━━━━━ DATA FOR THE TASK ━━━━━
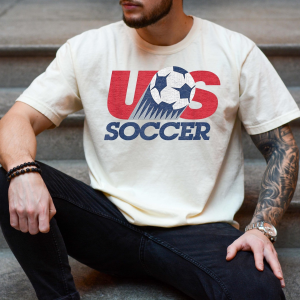 USA Soccer Retro Shirt, USA Soccer World Vintage Comfort Colors Shirt, United States Football Tee, Soccer Fan Gift, US Soccer Gift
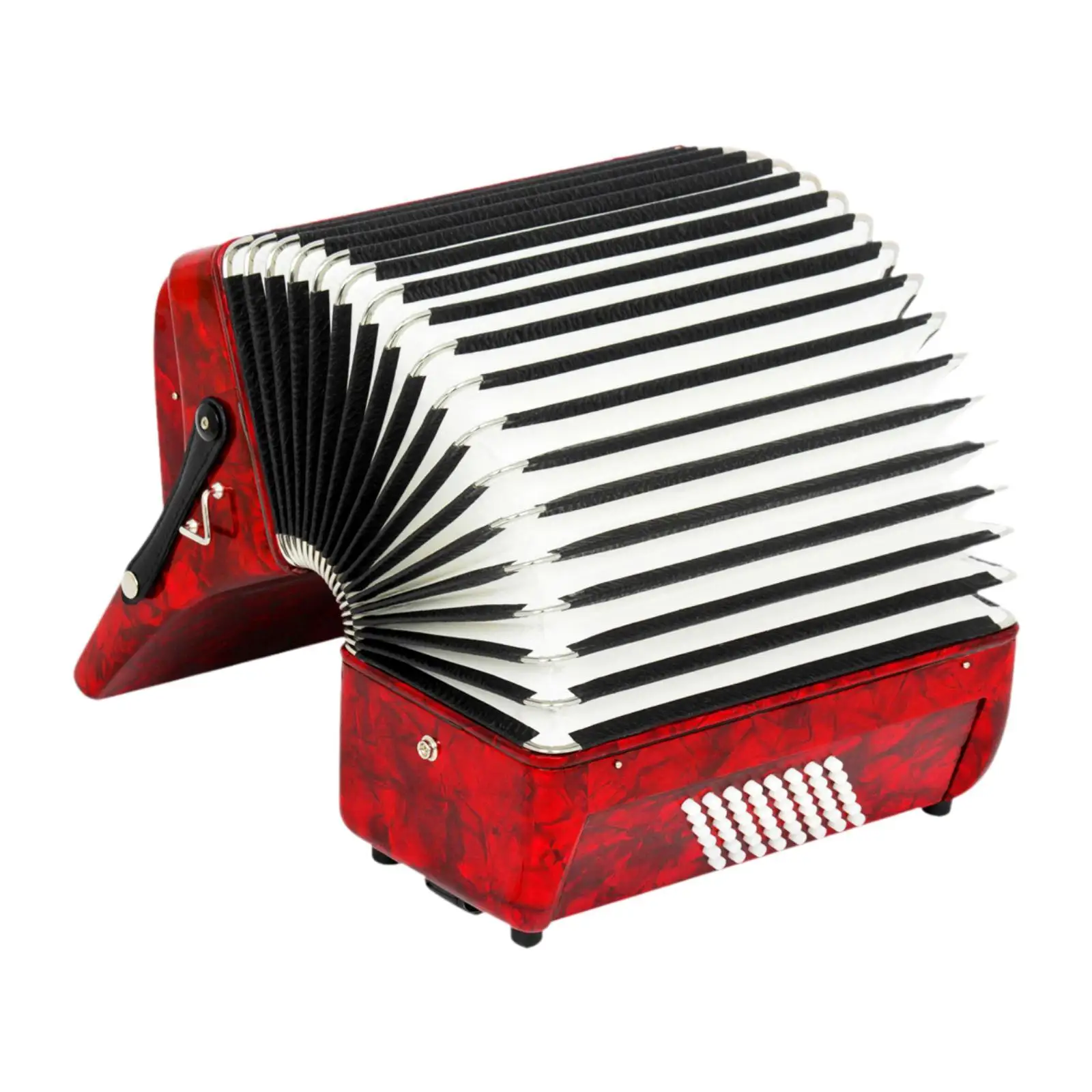 

26Key48 Bass Button Accordion Accordion Instrument Professional Accordion for Exam Practice Professional Educational Children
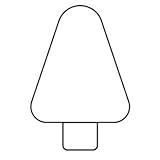 ビトリファイド 一般軸付といし(異形) WA60P 32×32×6×40 CNM324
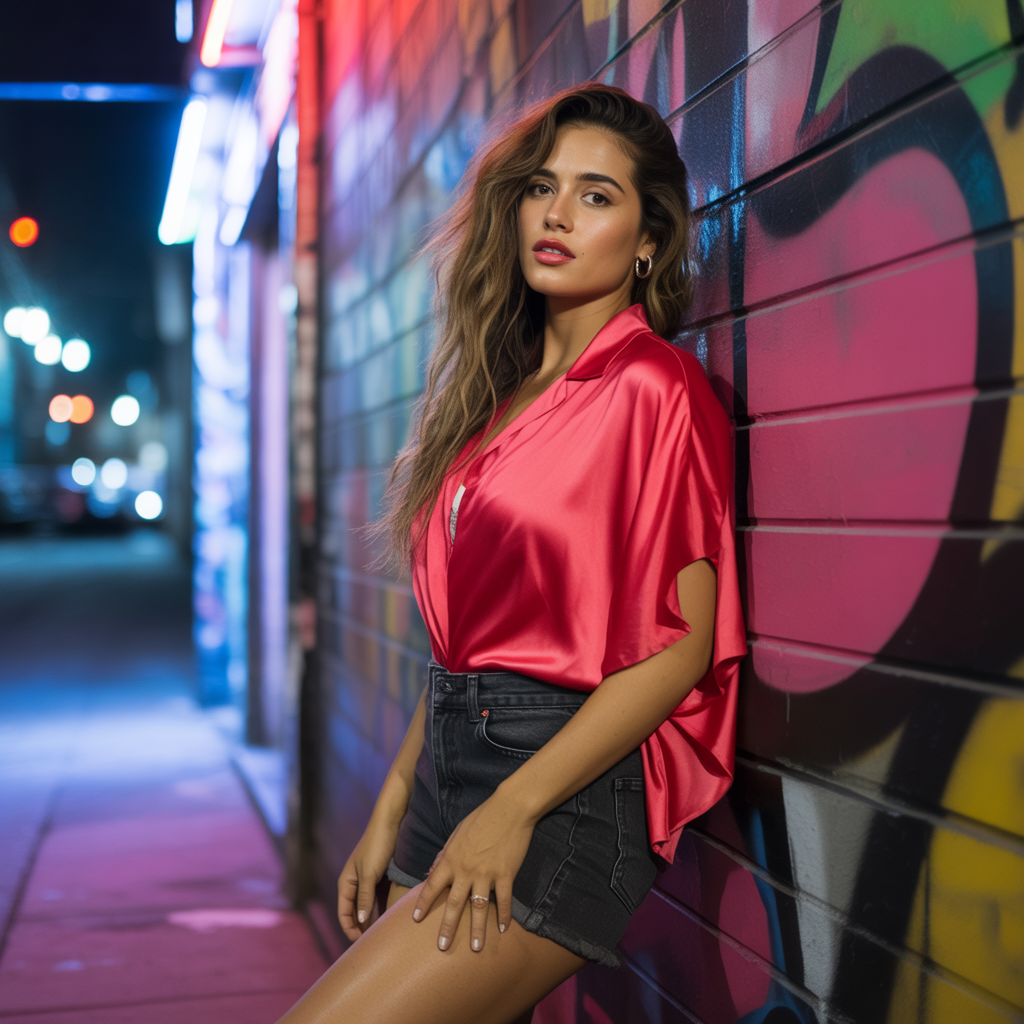 Denim Shorts with Breezy Tops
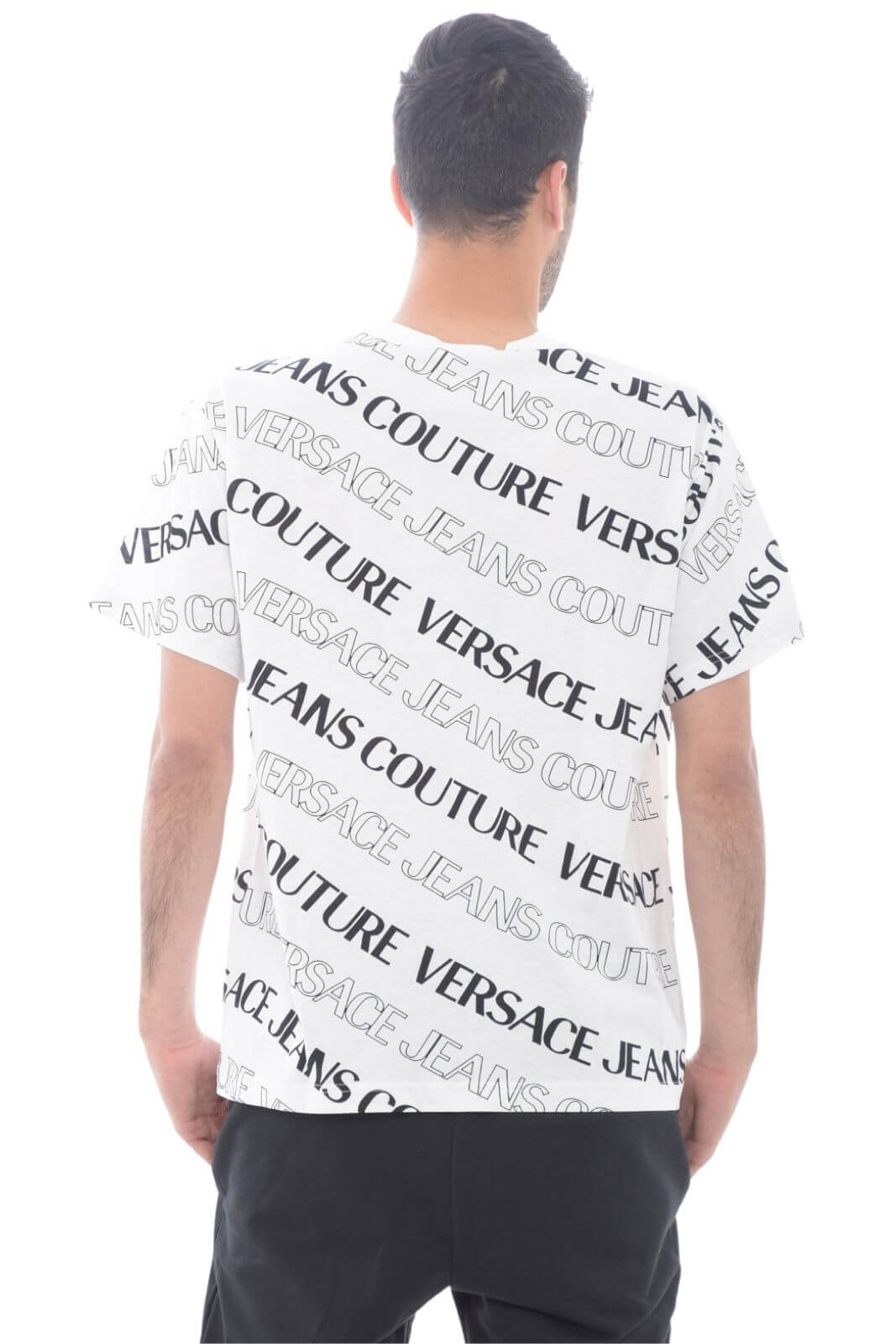 Versace Jeans Couture T Shirt uomo print monogram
━━━━━
TASK DIRECTIONS »
The preceding entries are to be returned verbatim, with every picture excluded.

SOLUTION »
 USA Soccer Retro Shirt, USA Soccer World Vintage Comfort Colors Shirt, United States Football Tee, Soccer Fan Gift, US Soccer Gift

26Key48 Bass Button Accordion Accordion Instrument Professional Accordion for Exam Practice Professional Educational Children
 ビトリファイド 一般軸付といし(異形) WA60P 32×32×6×40 CNM324
 Denim Shorts with Breezy Tops
 Versace Jeans Couture T Shirt uomo print monogram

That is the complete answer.